This morning was an unusual morning for me, as I headed out to Camberley and my way to teach at Collingwood College. The sun shone! We have had quite a bit of sun through the summer - quite a bit more than last year, they tell me, which was particularly bad. But we're now into autumn, and the weatherpersons' vocabulary is changing noticeably. They now speak of anticipated 'sunny spells'. But despite that, I haven't been noticing the sun much at all on my hour plus train ride to Camberley, mainly because it's barely up, I'm barely awake, and because even when it does get up part way through the journey, it's usually well covered by cloud, fog or at least morning mist. 


   

Crossing the Thames at dawn at Richmond...

  

...change trains at Felton...

  

...and thirty minutes or so later, I cross the river again at Staines.

 

...and the same spot at Staines in late autumn.

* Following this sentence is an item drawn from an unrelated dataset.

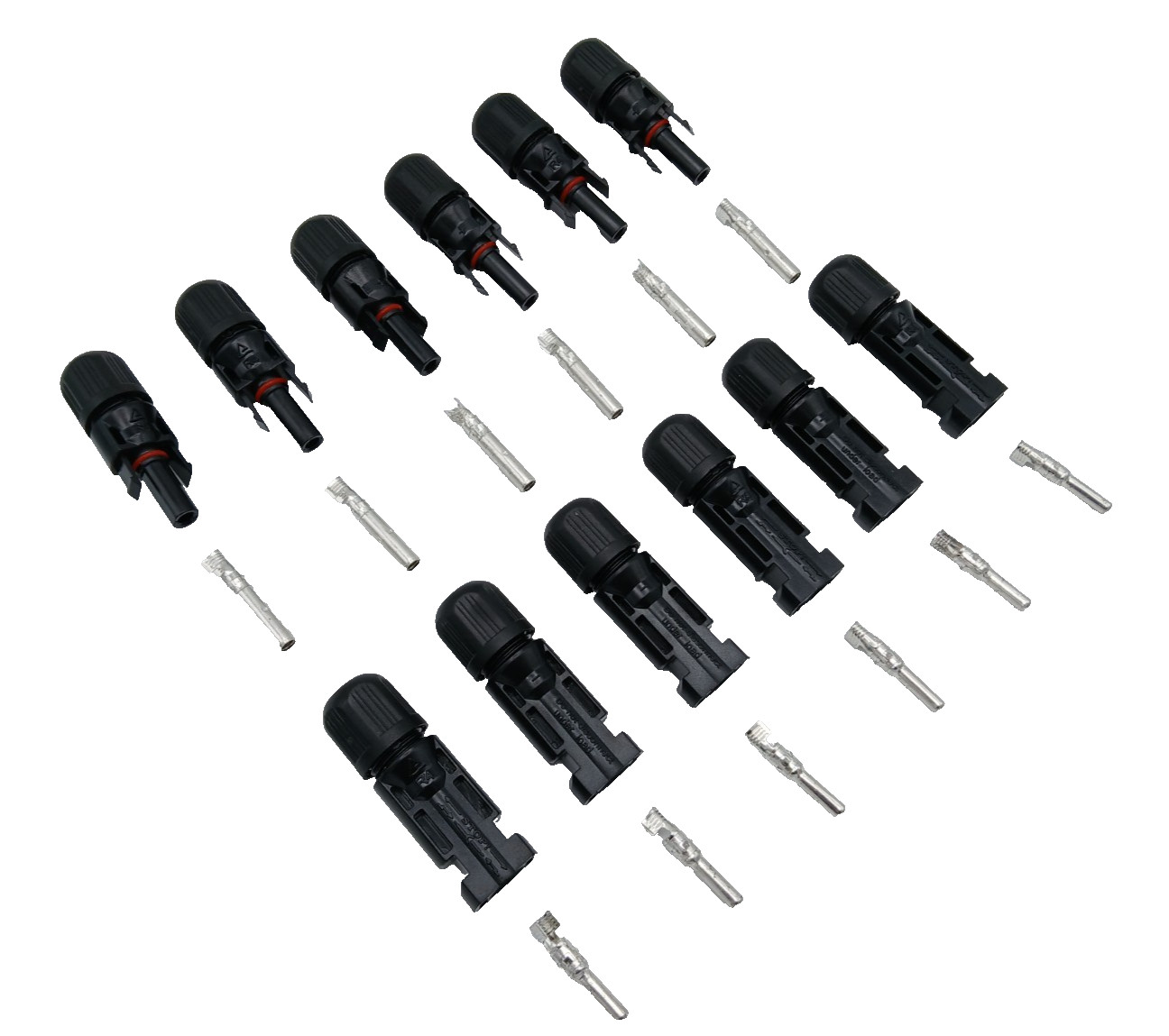 Solar Panel Connectors – 6 Pairs – Waterproof Male/Female Set 30Amp – US SELLER!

But this morning was noticeably different. As I crossed the river at Staines, I noticed it was brighter that usual, even though the days are rapidly getting shorter. I kept enjoying the view from the train, and began seeing things I hadn't noticed before. The sun started to filter through the leaves, some of which are starting to turn, but most of which are still well and truly still on the trees. The shafts of sunlight gave the forested sections of the countryside through which I travel 3 days a week, an entirely different perspective. It was particularly beautiful. As we passed through the outer suburbs and towns, I enjoyed the early morning sun catching the characteristic chimney pots on the rows of two storey houses. I contemplated on what a difference the sun makes. It makes everything clearer. It brought out the diverse colours of nature. I was enjoying rich, diverse and contrasting colours that I hadn't noticed before. Everything was brighter and more beautiful. I could see further, and everything looked quite different. 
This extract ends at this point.